È sostanzialmente formato da una rete di
microscopiche “vene” che si uniscono formando vasi
di calibro maggiore: nel punto di incontro è presente un
ingrossamento (nodulo linfatico) costituito
sostanzialmente da un tessuto spugnoso ricco di globuli
bianchi.
Una importante funzione accessoria infatti, oltre a
quella di drenaggio, è di valido presidio contro le
infezioni batteriche e soprattutto
virali.
Nota.In Africa centrale, Asia del
Sud e isole più tipi di zanzare
trasmettono un tipo di filariosi,
ovvero larve di microscopici vermi che vanno a vivere nei linfatici ostruendoli
e determinando una stasi del liquido che lentamente fa ingrossare la parte
(tipicamente gli arti) in modo enorme (elefantiasi). Oggi ci sono le cure.
Nota:
La funzione di filtro attivo dei noduli linfatici li
porta ad essere estremamente importanti nelle
neoplasie. Nelle prime fasi di formazione del
tumore le cellule “impazzite” formano un'unica
masserella che si accresce e, nel caso di
“malignità”purtroppo, libera pacchetti di
cellule tumorali che, trasportate dal sangue, si
fermano in altre sedi formando tumori
secondari (metastasi).
Per la loro funzione di filtro i noduli linfatici
vicini al tumore primario sono la sede ideale
per formare metastasi, per questo ogni
intervento per togliere un tumore primario
viene completato da una asportazione e
controllo dei noduli vicini.
Sono anche il primo grosso bersaglio dell’HIV.

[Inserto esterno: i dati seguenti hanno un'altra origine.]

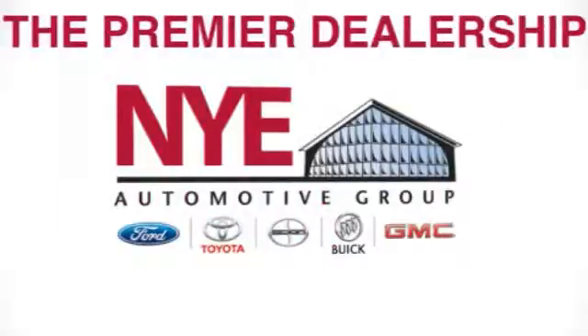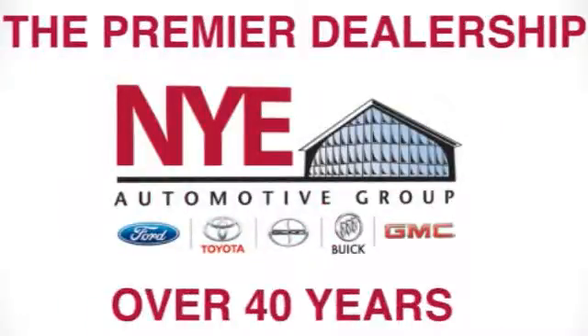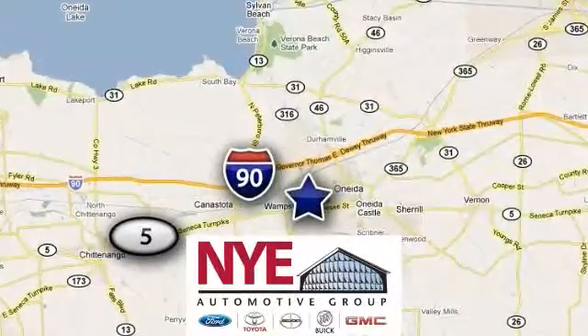The Nye Automotive Group has been the premier dealership in Oneida for vehicle sales and service for over 40 years. We are conveniently located on Route 5 in Oneida.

Infatti nei primi periodi dopo l’entrata del virus si registra un loro ingrossamento dovuto ad una
ipertrofia per cercare di eliminare i patogeni.
Ma la “battaglia” viene rapidamente persa e in seguito i noduli degenerano e riducono notevolmente
il volume e soprattutto la loro capacità di filtro/eliminatore dei patogeni.
A.I.D.S.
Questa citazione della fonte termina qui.